If you aren't interested exclusively in ridicule and dissection of faith you should adopt a more positive and compatible view. From our perspective there's a great tragedy at the core of every religious faith - obviously God does not exist, so what then are believers praying to, believing in? What is it that helps them and makes them feel spirituality?
Obvious again: themselves. Understand God not only as a scourge but also as humanity (humans) worshipping itself (themselves). God as a kind of peak human will which a lot of people aren't willing or able to accept at face value.
Also remember the natural tendency and need for explanations and meaning. God is the ultimate answer (and perversion) of that.

This desu, listen to this guy right here. Not only does this version have annotations for certain misunderstandings, but also a plethora of other important things such as a guide on how to read the bible, prayers to read, a small history of the church, description of each book within and the inclusion of all the OT and NT books, and even more.

>My mother is an ordained minister
Heresy.

is there a book out there that has even the non canonical stories and dead sea scrolls additions in it? I'd like to read the whole literature thats available.

Not in one edition, that would be massive and pointless. Get an RSV or NRSV with apocrypha, those have the most books in them, more even than the OSB. For non-Biblical Dead Sea Scrolls, get Geza Vermes' or Florentino Martinez's translation. For non-canonical Old Testament, the two-volume James Charlesworth Pseudepigrapha is the academic standard, or Sparks' Apocryphal Old Testament for a cheaper single-volume alternative.

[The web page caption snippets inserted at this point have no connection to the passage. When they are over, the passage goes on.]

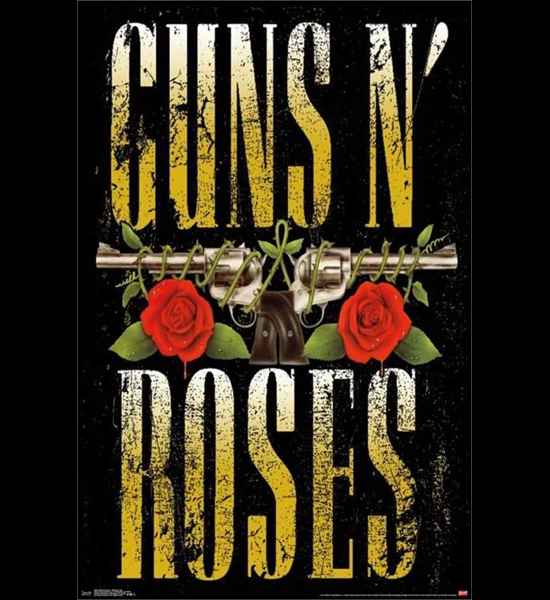 Guns N Roses Logo Poster 22" x 34"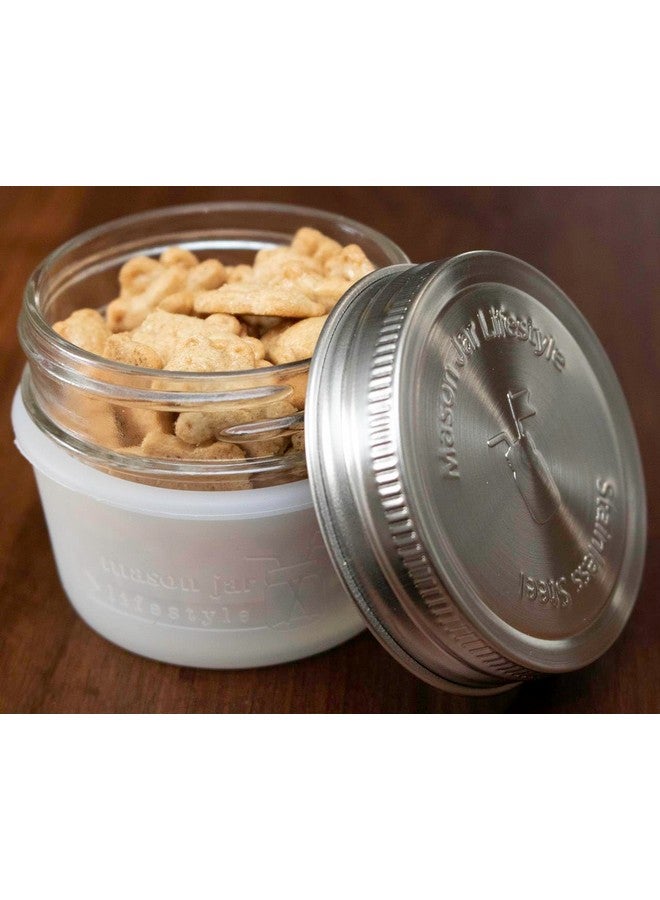 Mason Jar Lifestyle 4oz Silicone Sleeves/Jackets for Protecting Small Ball, Kerr, Quilted Canning Jars by Mason Jar Lifestyle (Frost, 2 Pack) - Image 4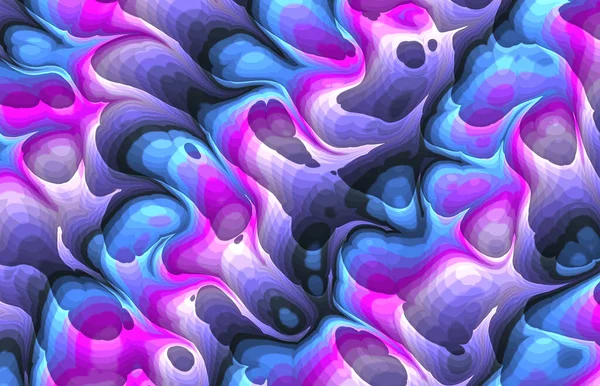 Colorful Abstract Trippy Wavy Psychodelic Pattern — Stock Photo, Image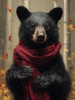 HMK1380B FALL BLACK BEAR 4X6 BLOCK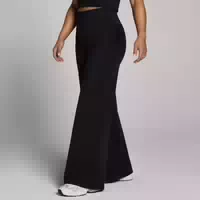 Mp Damen Petite Tempo Hose mit Weitem Bein Schwarz S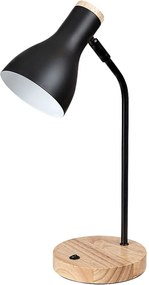 Rabalux Ferb asztali lámpa 1x25 W fekete 74002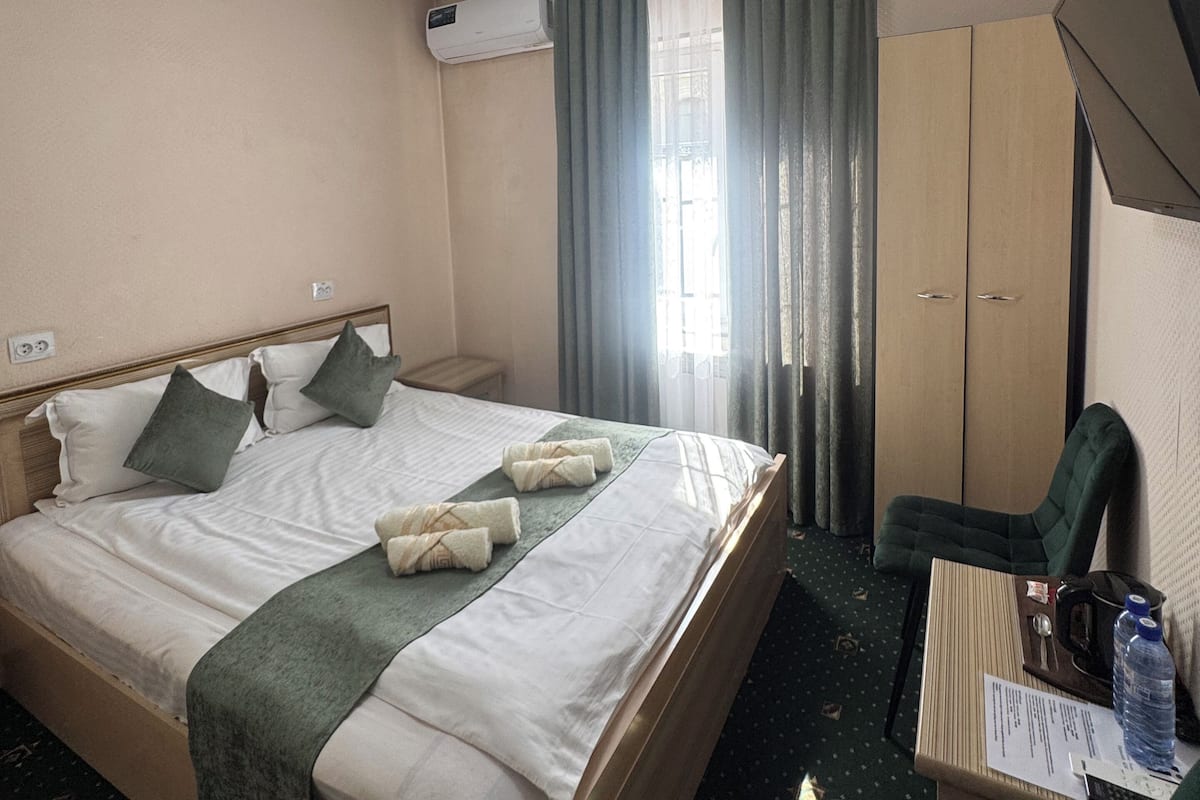 基础双人房 | 办公桌、笔记本电脑工作区、遮光窗帘、熨斗/熨板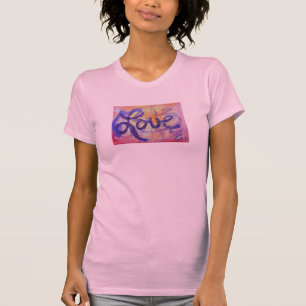 Camiseta Amor Word Sunset Twilight Purpurina Art TShirts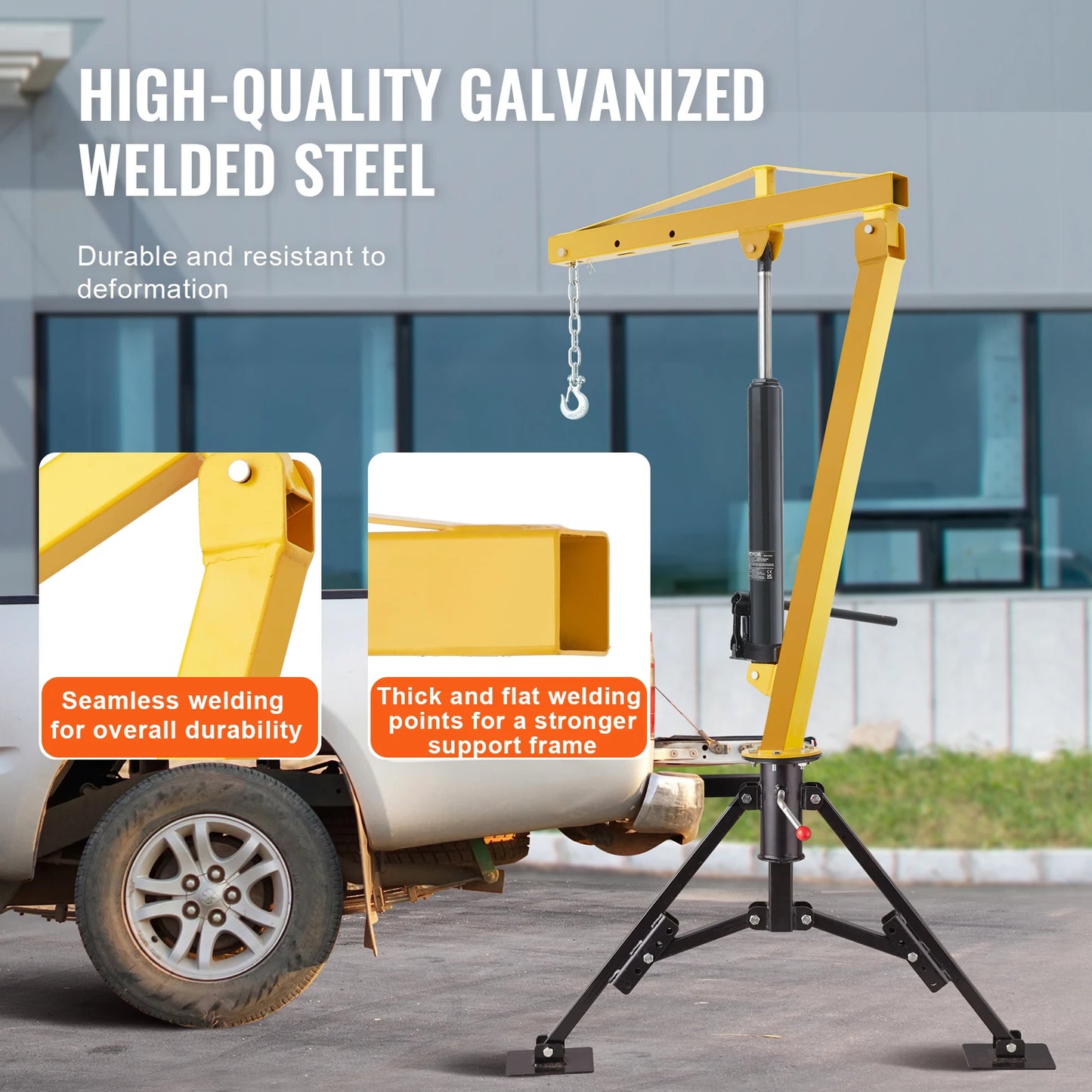 1000Lbs Hydraulic Hitch Mounted Crane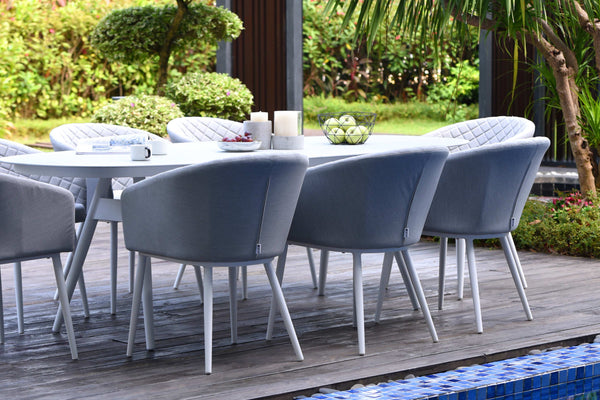 Ambition 8 Seat Oval Dining Set | Lead Chine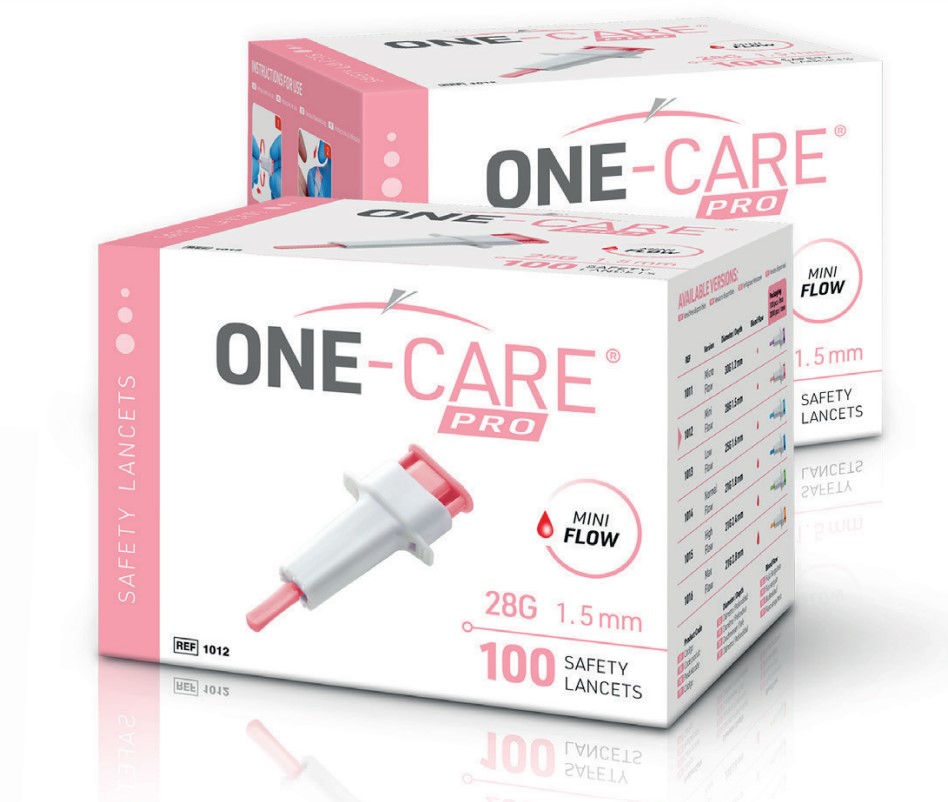 One Care Pro Safety Lancets, Push Button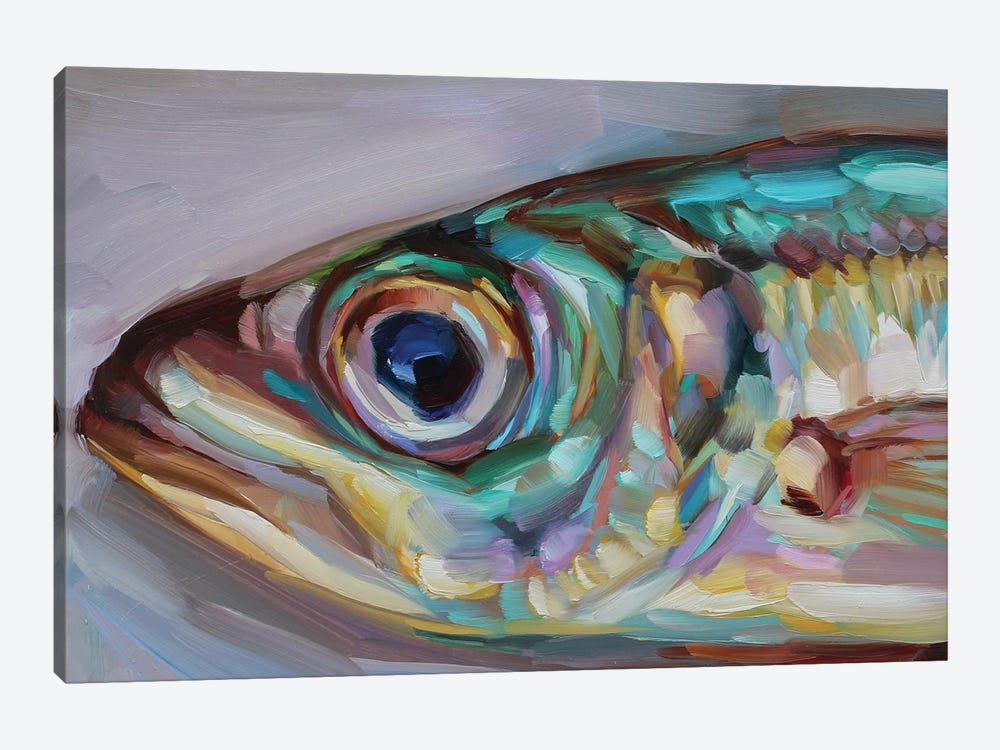 Fish Study XV by Holly Storlie 1-piece Canvas Art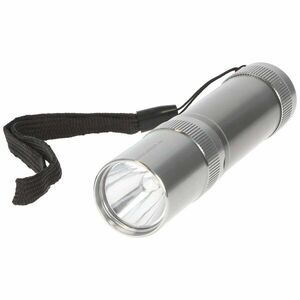 XCell Basic 1W LED zseblámpa alumínium 3xAAA mikro elemmel 130lm 108mm kép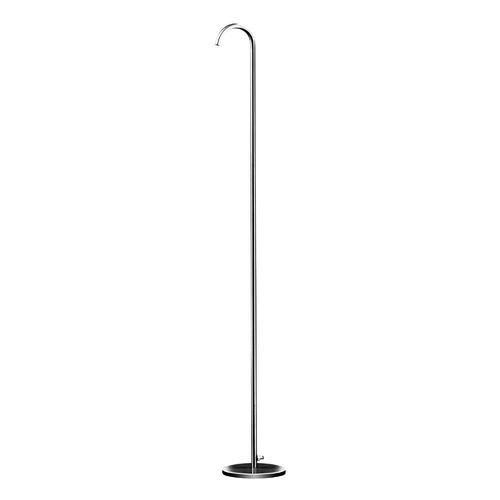 Pool outdoor shower - PL1 - Bruma - with foot washer / stainless steel / home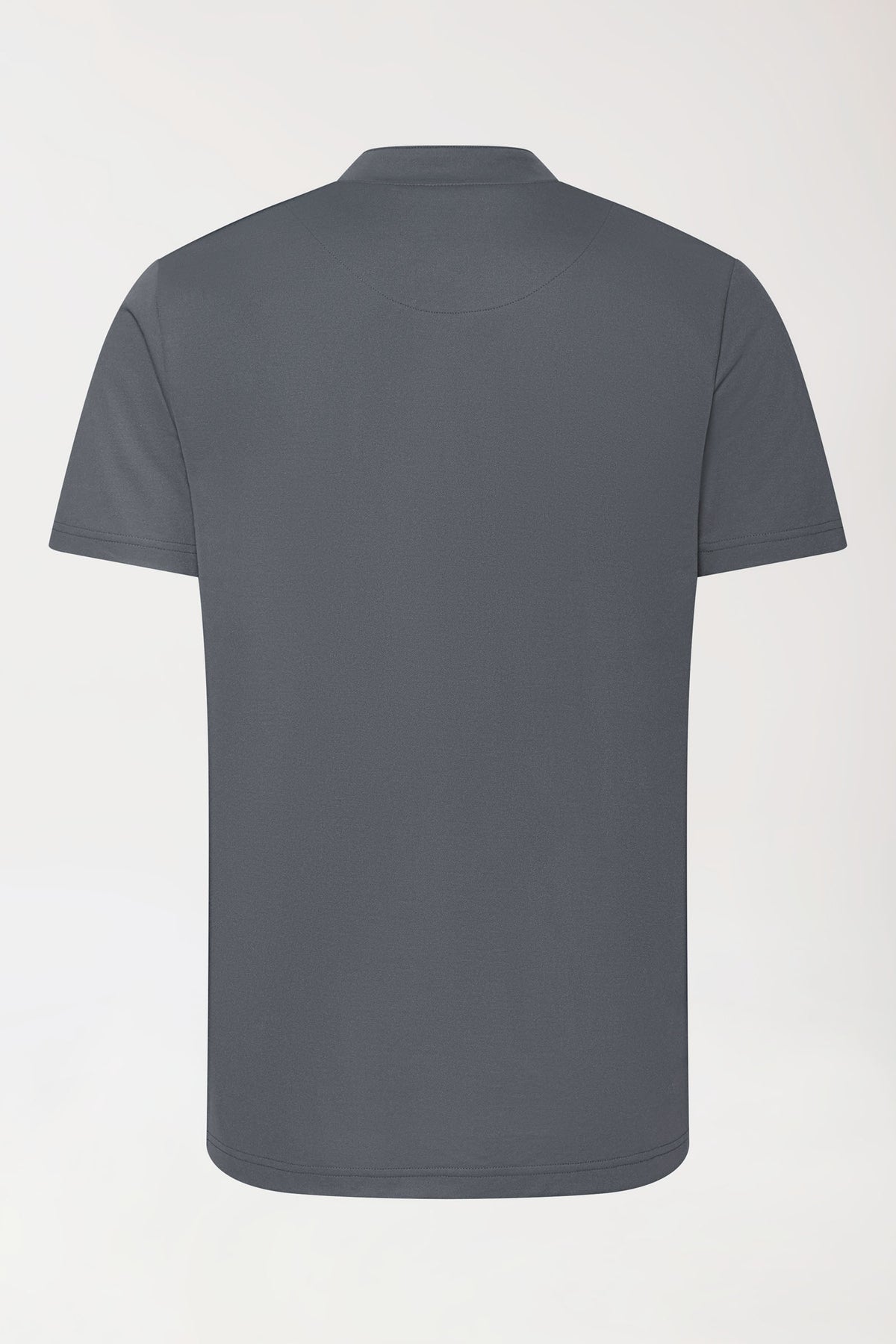 COMFY FLEX stretch shirt heren - opstaande kraag steengrijs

There's a lot of non-canon New Testament stuff as well. The earliest non-canon orthodox writers were the Apostolic Fathers, get the Holmes or Ehrman translation. JK Elliott's Apocryphal New Testament is definitive for everything except gnostic writings. For the gnostics get either the Robinson or Meyer editions. Robinson has more literal translations but Meyer has a few more texts and extensive introductions. If you just want a selection of the above NT stuff get Ehrman's Lost Scriptures.